Characteristics of Philosophy

  • Rational: Based on reason.
  • Rigorous: Methodical and precise.
  • Thoughtful: Focuses on first causes.
  • Abstract: Deals with intelligible concepts.
  • Methodical: Uses a set of procedures to reach an end.
  • Systematic: All knowledge must be interrelated and structured.
  • Profound: Seeks root causes, the essence of things.

Key Concepts

Being

Being is what makes something what it is and nothing else; the act of existence; essence and existence.

Substance

Substance is being in itself; it exists by itself (e.g., pollen, honey).

Special Metaphysics

Special Metaphysics includes:

  • Cosmology: The object of study is the physical being, the cosmos.
  • Anthropology: The object of study is the human being.
  • Theodicy: The object of study is God. Also known as theology (based on faith), theodicy studies the nature and essence of God through reason.

Relationship between Subject and Object

The subject (suj) is active because it perceives the qualities of the object (obj), which passively transfers its qualities.

Technology

Technology is a special type of technique that adopts scientific research.

Scientific Knowledge

Scientific knowledge uses formal, expressive, and deportative language, the proposed language of science.

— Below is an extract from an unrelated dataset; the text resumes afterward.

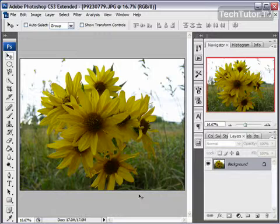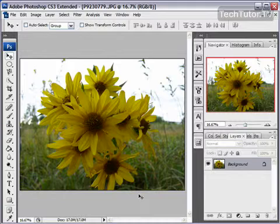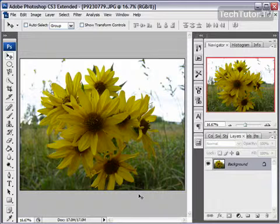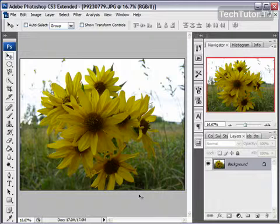One way that you can quickly adjust the overall look of an image is by using the auto levels. The auto level is basically going to detect the brightest and the darkest pixels in your image. It's going to use that to get rid of any shadows you might have, any darkness you might have, that's not part of the actual image.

Components of Scientific Knowledge

  • Dynamic: The way in which our beliefs and knowledge systems are constituted and change; changes in theories; emergence of new discoveries.
  • Structural: Internal relations of knowledge and its external referents.

Components and Relationships of Knowledge

Empirical data, concepts, propositions, hypotheses, and laws. Knowledge can be divided into two types: intellectual propositional knowledge and practical knowledge (technical and technological in nature).

Requirements of Scientific Knowledge

  • Belief: The psychological operation of adherence to a proposition; to know is to believe.
  • Truth: The relation of correspondence between a statement and a state of affairs.
  • Proof: Based on a particular true belief.
  • Justified Belief: True knowledge requires justified proof.

Characteristics of Scientific Knowledge

  • Communicable: Must communicate transcendental knowledge.
  • Verifiable: Anyone should be able to reproduce the conditions of an experiment.
  • Fallible: Knowledge can have temporary confirmation or refutation, but never a demonstration of truth.
  • Systematic: Science is an ordered system; rational ideas are logically connected.
  • Analytical: Breaks down the object of study in its entirety.
  • Methodical: Uses methods to serve a stated purpose.
  • Specialized: A derivation of the analytical nature of belief.
  • Clear and Accurate: Formulates problems clearly, leaving no room for ambiguity.
  • Explanatory: Provides the reason for something, not just extensive descriptions.
  • General: Aims to achieve understanding in all cases.
  • Legal: Seeks general explanations formulated as universally applicable laws.
  • Predictive: All scientific laws are expected to encompass determined cases, including future social life.
  • Useful: All knowledge seeks results that can be successfully applied.

Concept

The uptake of sensible qualities of an object and the formation of an image; abstraction and formation of the idea; comparison with things that are essentially the same; generalization and nomination through the term (neither affirming nor denying).

Direct Observation

Requires dealing with certain aspects of something.

Indirect Observation (Hint)

The subject observes a phenomenon through another phenomenon associated with it.

Intersubjectivity

Seeks objective data that cannot be prevented from being observed by a unique and privileged observer.

Repeatability

Allows scientists to establish relationships, find regularities, and formulate laws to explain these regularities.